**Task to complete**
A bare number is the expected answer: the count of lines in the records that contain the word "Image".

Records from a data source:
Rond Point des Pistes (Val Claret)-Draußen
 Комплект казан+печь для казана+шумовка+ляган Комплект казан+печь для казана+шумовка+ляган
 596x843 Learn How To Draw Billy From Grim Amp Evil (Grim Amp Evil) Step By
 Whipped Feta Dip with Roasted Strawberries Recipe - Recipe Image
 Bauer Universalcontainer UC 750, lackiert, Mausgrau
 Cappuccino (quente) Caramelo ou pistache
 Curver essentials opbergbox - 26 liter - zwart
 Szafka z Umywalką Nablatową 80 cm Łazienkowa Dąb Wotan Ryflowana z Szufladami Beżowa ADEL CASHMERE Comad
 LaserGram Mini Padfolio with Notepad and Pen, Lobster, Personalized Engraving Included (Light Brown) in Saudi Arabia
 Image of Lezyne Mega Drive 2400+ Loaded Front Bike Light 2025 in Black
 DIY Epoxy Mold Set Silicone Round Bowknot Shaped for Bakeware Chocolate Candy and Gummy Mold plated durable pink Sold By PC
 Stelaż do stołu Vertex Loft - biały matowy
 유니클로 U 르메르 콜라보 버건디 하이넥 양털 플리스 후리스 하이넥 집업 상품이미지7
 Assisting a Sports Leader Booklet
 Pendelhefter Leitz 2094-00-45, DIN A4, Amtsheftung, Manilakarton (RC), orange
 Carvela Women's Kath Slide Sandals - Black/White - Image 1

**Response to the exercise**
3